The Environmentalists of Summer

Published June 1, 2000

With baseball season in full swing, it’s good to remember that in science, nature bats last. Spin all the theories you like, throw curves at the media to draw attention (i.e., funding) to your favorite issues, or even toss knuckleballs at unruly congressional hearings–but in the end, reality will intervene.

That’s the way things must play out on the field of environmental science. The visitors–in this case, the out-of-towners who want to take over the league–can pile up huge leads, but at the end of the game, the truth squad comes to the plate.

So, for example, though newspapers bludgeon readers with daily stories of global warming horrors, life goes on.
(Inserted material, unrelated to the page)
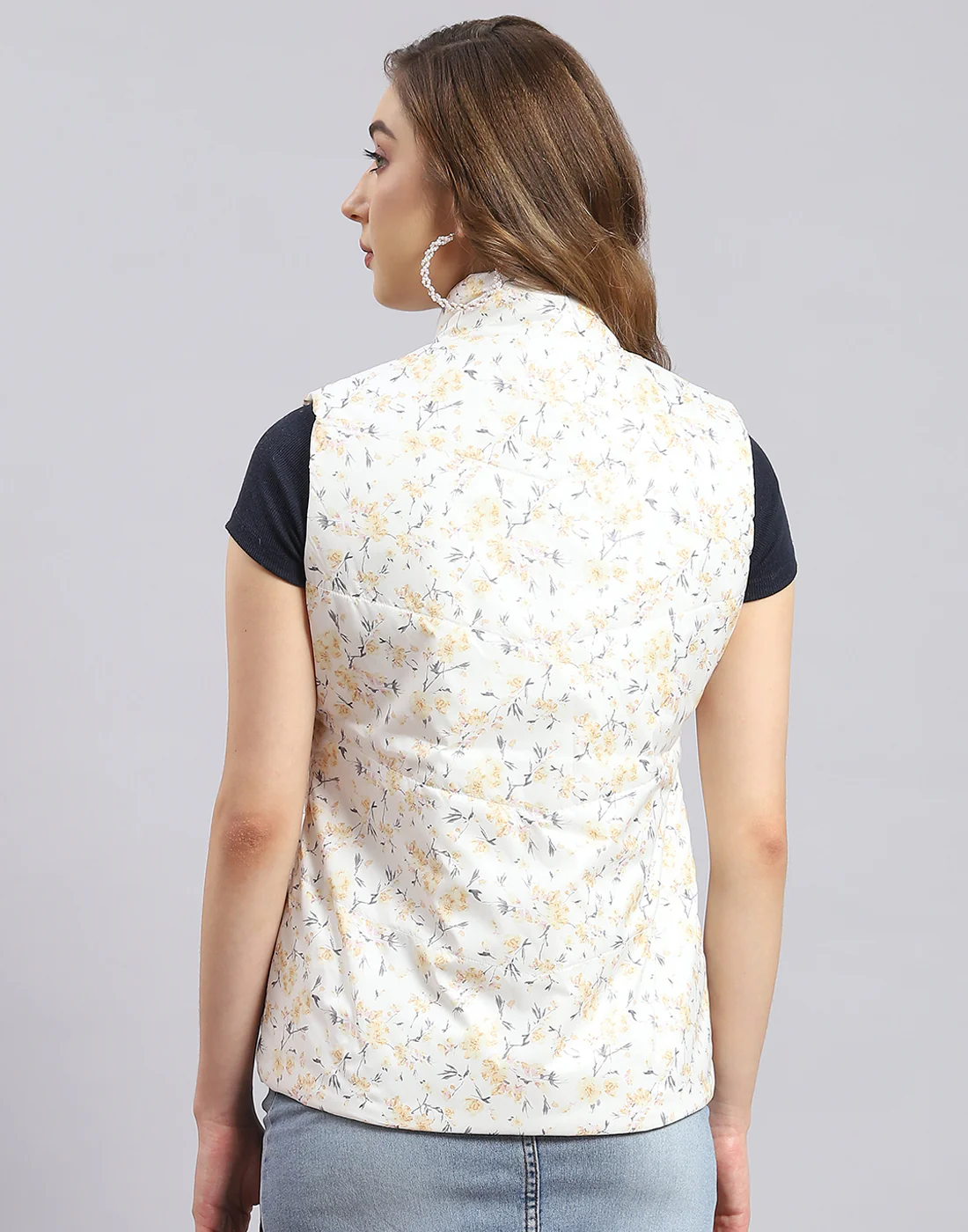 Women Off White Printed Stand Collar Sleeveless Jacket - Image 6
In fact, it is getting better, what with the severity of winter slightly diminished, the growing season slightly lengthened, and dramatic increases in food production and human longevity. Eventually people realize that there is a phenomenal disconnect between what the announcers are saying and what the score really is.
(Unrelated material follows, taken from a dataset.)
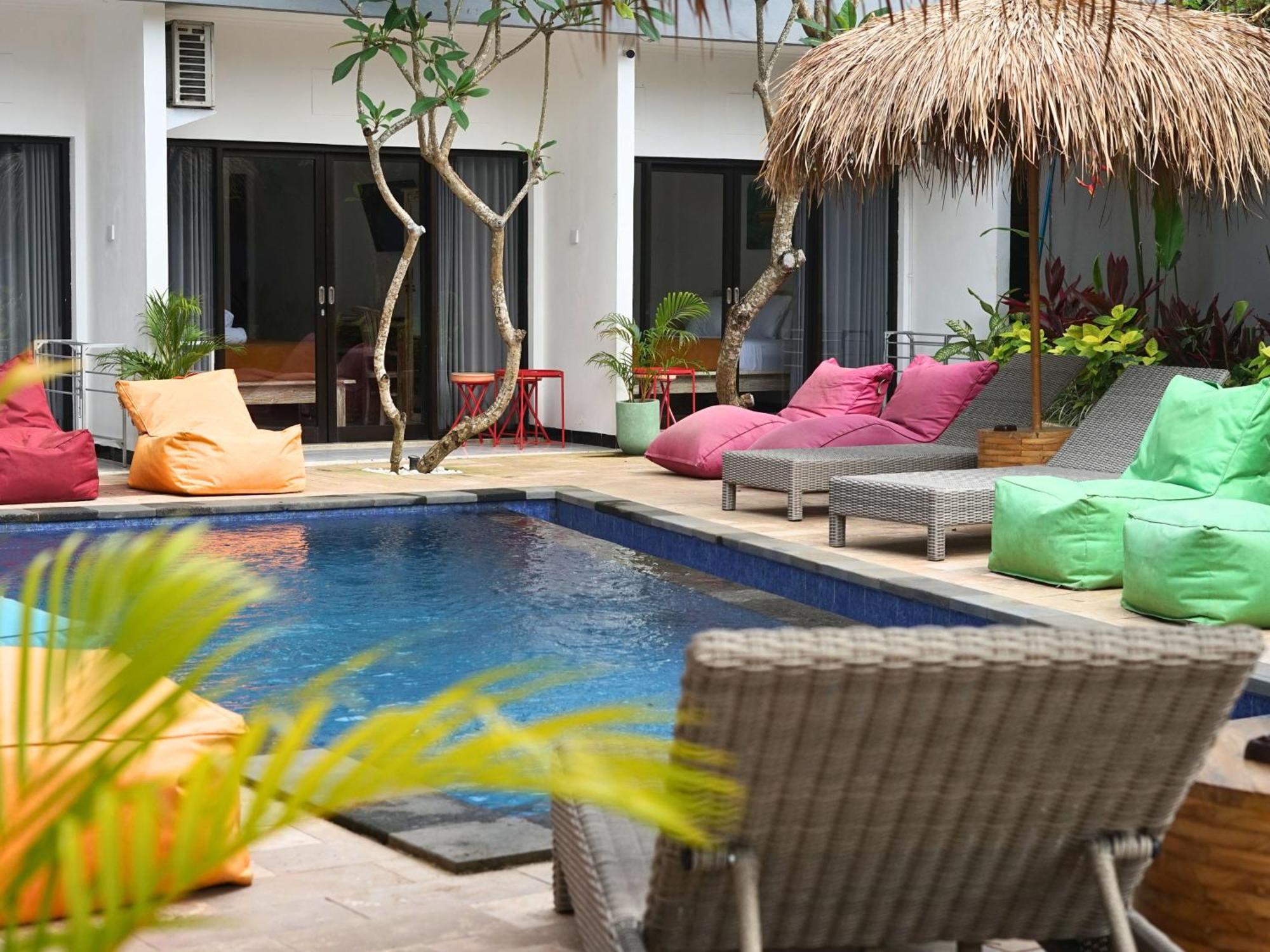 Summer Of Surf Hostel Uluwatu Ungasan  Exterior photo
The pollsters say so. Despite all the current noise, “environment” ranks way down in the league of political importance, and on the Green Nine, global warming is at best a benchwarmer. People are clearly much more concerned about $2-per-gallon gasoline than they are about the fact that burning it makes the air less cold.

The problem is that global warming is getting old and no longer has the punch it once had. The first time the subject led off a network news show was in October 1983–17 years ago. Since then, the mean surface temperature has risen about 0.20ºC. (Computer models from that era predicted the warming would be 0.68ºC, more than three times what was actually observed.)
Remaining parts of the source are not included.